INSALATA TIEPIDA DI CECI E RUCOLA. Ancient Romans, rich or poor, were quite fond of chickpeas and consumed them frequently dressed in olive oil. Rucola – also called rocket or arugula – is cultivated only since a couple of decades but it has been collected in the wild as an edible herb for many centuries.

Recipe

  • 250 gr (approx. 1 and 1/2 cups) cooked chickpeas
  • 6 cherry tomatoes, halved
  • a couple of handfuls rucola leaves  washed and drained
  • 1 garlic clove finely chopped or minced with a garlic press
  • 1/4 teaspoon ground cumin
  • 2 tablespoon extra virgin olive oil
  • salt and pepper to taste
  • 1 teaspoon aged balsamic vinegar (optional)

If using canned chickpeas, rinse and drain.

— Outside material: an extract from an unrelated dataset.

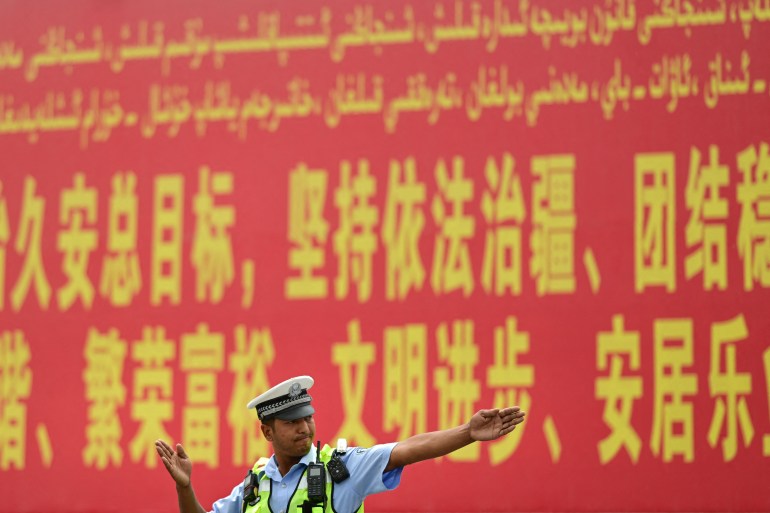 Um policial orientando o trânsito em Xinjiang.  Um outdoor vermelho atrás dele proclama a necessidade de manter o Estado de direito na região.  As palavras são escritas em amarelo na escrita uigur e em caracteres chineses.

In a shallow saucepan warm olive oil and garlic until fragrant. Add chickpeas and cumin, simmer slowly until warm. Switch off heat, add tomatoes and rucola, season and transfer in a bowl to serve immediately. If the dish has to wait, cover to keep warm and add the rucola only before serving. Drizzle with good quality balsamic vinegar if desired.

Serves 2 as an appetizer or vegetarian main.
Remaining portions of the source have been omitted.